Il avait ainsi appris d'instinct à connaître chaque recoin de la ville. Sa première promenade, il l’avait faite, seul déjà, un soir d’août alors qu’il n’avait pa quinze ans. Il demeurait avec ses parents et ses sœurs au Londra, sur la Riva dei Schiavoni, courte étape avant de se rendre en Turquie. Il n’avait pas voulu accompagner sa famille à un concert. Il préférait se promener. Sorti en même temps qu’eux, il choisit d’aller dans l’autre direction, vers les Giardini Reali, derrière la Piazza, le long de cette promenade qui borde le bassin de San Marco, avec les gondoles et les taxis bien alignés devant les balustres en pierre blanche. Le soir toute une foule cosmopolite et élégante s’y rencontre. De mauvais peintres y proposent des portraits à trois sous, des camelots se mêlent aux touristes sous le regard indifférent des nombreux chats qui vivent là depuis toujours. Il avait toujours aimé les chats et surtout ceux de Venise, tantôt faméliques, tantôt plantureux. Ses sœurs se moquaient de lui : il voulait un chaton vénitien comme à Rhodes il voudra un chaton grec. Ce n’était plus un enfant mais ce jeune adolescent restait très jeune dans sa tête. Poète, il rêvait chaque instant de sa vie et sa rencontre avec Venise fut un miracle, une révélation. Il ne devait plus s’en guérir. Jamais. 

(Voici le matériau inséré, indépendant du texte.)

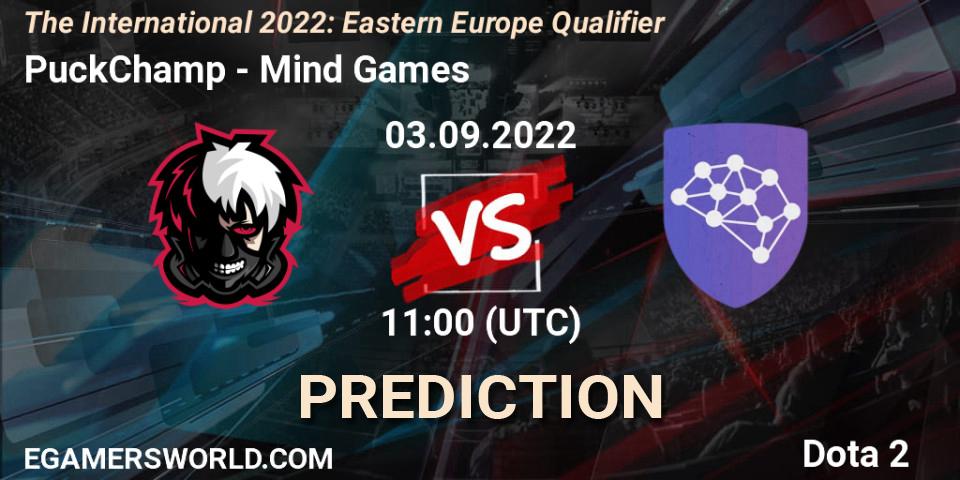 Prognoza PuckChamp - Mind Games. 03.09.22, Dota 2, The International 2022: Eastern Europe Qualifier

La nuit allait être belle. Le soir tombait peu à peu recouvrant d’un voile rose les toits et les façades. Les colonnes de la Piazzetta se dressaient devant lui quand éclatait l'exultavit du Magnificat dans son casque. Il se rêva condottiere dans son retour triomphant d’Orient. Tour à tour prince d’Asie ou riche marchand, il avançait à travers les rues, hors du temps. Fasciné, il marcha plusieurs heures et ne revint dans sa chambre que fort tard dans la nuit. Il s’endormit, rompu, les yeux remplis de toute la beauté dont il s’était imprégné dans cette nuit magique.

Ce plaisir ne l’a jamais plus quitté. Il a grandi, Devenu homme, il a beaucoup voyagé. Nombreux de ses rêves d’enfants ont été trahis, perdus, abandonnés. La vie ne lui a pas toujours été facile, mais il n’a jamais cessé de revenir marcher dans la nuit, à Venise. Et toujours, depuis plus de trente ans, il écoute le même enregistrement (celui de Riccardo Mutti qu'il préfère à toutes les éditions plus récentes ) en errant sur les ponts, dans les rues et les campi de sa ville. Aujourd'hui, lorsqu'il revient à Venise, il se coiffe de ses écouteurs et repart à la conquête de sa ville. A la conquête de ses rêves. Il n'a plus la même énergie qu'autrefois et la fatigue vient plus vite, mais le plaisir demeure comme au premier jour quand, la nuit venue, il se faufile dans le dédale des raccourcis autour du Rialto, derrière le ghetto, derrière l'arsenal ou près de la cathédrale San Pietro avec le cum sancto spiritu. Il termine souvent par le campo San Fantin, sur ce magnifique palcoscenico où, avec le fronton de la Fenice, la tonnelle de la Taverne, les deux puits et les deux églises très noires, on a vite la sensation, surtout tard dans la nuit, quand il n'y a plus personne, d'être sur la scène d'un théatre abandonné. Assis sur les marches du théatre reconstruit, il écoute le hautbois de Gordon Hunt accompagner le merveilleux Domine Deus du Gloria.